Think about what attracts insects to your location. Mostly they’re after food and water. Try not to pitch your camp beside standing water – always look for a fast-flowing stream if you can, because that won’t be an insect breeding ground. Keep your food in sealed containers and bag up any leftovers securely. Throwing what’s left outside the camp will attract insects in no time. If you have a camp fire any scraps can be burned. Also remember that insects have more generous ideas about food than you do. If you’re digging yourself a dunny make sure it’s well away from your camp, and throw some earth down there after you’ve used it.
If the area you’re camping in has lots of mozzies or sandflies it’s worth spraying the inside of your tent half an hour before you go to bed.
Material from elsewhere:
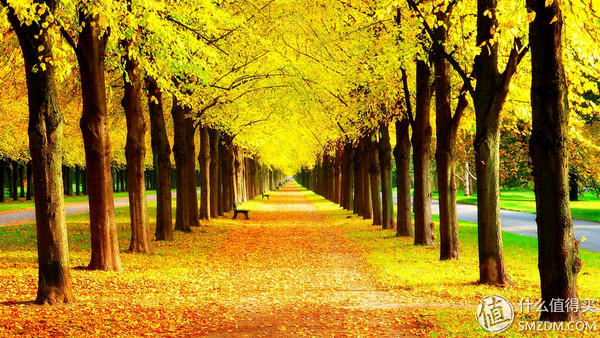 整体均衡,屏幕优秀!这样的IPS硬屏笔记本值不值得入手?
Chances are a few will have managed to sneak in, and a quick blast of Raid will kill them off so you can sleep undisturbed.
You should always be carrying a first aid kit when you head off, and it needs to contain a few basic treatments for insect bites. Antiseptic wipes are always a good idea, and calamine lotion will help with the itching from many bites. Specialist bite lotions are always a good diea, and standard painkillers like aspirin or paracetamol help bring down swellings and ease discomfort. Ice packs are great if you can carry them. If you don’t have a freezer in your 4wd try something like the Aeroplast instant packs – these use a chemical reaction to chill themselves, so they can be used anywhere.
Bites from some species need more serious attention. If you think someone’s been bitten by a funnel web or other venomous spider they need immediate medical treatment, so immobilise them and get them to a doctor as fast as you can.
If you’re exploring Australia there’s no getting away from insects and other bugs, but there’s no need to let them spoil your trip either. Carry the right kit and take a few basic precautions and you can have a good time even when the tiny natives are hostile. Dealing with wildlife is all part of life here, and we all have to start small!